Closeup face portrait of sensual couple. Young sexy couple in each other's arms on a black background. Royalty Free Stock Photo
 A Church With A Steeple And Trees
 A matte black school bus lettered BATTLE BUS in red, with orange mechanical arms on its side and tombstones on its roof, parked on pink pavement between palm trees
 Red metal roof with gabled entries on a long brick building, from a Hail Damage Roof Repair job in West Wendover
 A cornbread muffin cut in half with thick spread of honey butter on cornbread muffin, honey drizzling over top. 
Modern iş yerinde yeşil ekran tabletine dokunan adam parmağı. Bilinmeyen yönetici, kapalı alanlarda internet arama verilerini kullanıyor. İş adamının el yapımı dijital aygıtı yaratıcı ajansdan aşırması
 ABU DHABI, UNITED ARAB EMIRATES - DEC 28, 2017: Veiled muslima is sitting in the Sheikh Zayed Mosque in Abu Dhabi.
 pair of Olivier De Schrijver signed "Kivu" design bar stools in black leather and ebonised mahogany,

◆ ◆ ◆ ◆ ◆ ◆ ◆

A word-for-word copy of the data above is the goal, so set it all down again.

Closeup face portrait of sensual couple. Young sexy couple in each other's arms on a black background. Royalty Free Stock Photo
 A Church With A Steeple And Trees
 A matte black school bus lettered BATTLE BUS in red, with orange mechanical arms on its side and tombstones on its roof, parked on pink pavement between palm trees
 Red metal roof with gabled entries on a long brick building, from a Hail Damage Roof Repair job in West Wendover
 A cornbread muffin cut in half with thick spread of honey butter on cornbread muffin, honey drizzling over top. 
Modern iş yerinde yeşil ekran tabletine dokunan adam parmağı. Bilinmeyen yönetici, kapalı alanlarda internet arama verilerini kullanıyor. İş adamının el yapımı dijital aygıtı yaratıcı ajansdan aşırması
 ABU DHABI, UNITED ARAB EMIRATES - DEC 28, 2017: Veiled muslima is sitting in the Sheikh Zayed Mosque in Abu Dhabi.
 pair of Olivier De Schrijver signed "Kivu" design bar stools in black leather and ebonised mahogany,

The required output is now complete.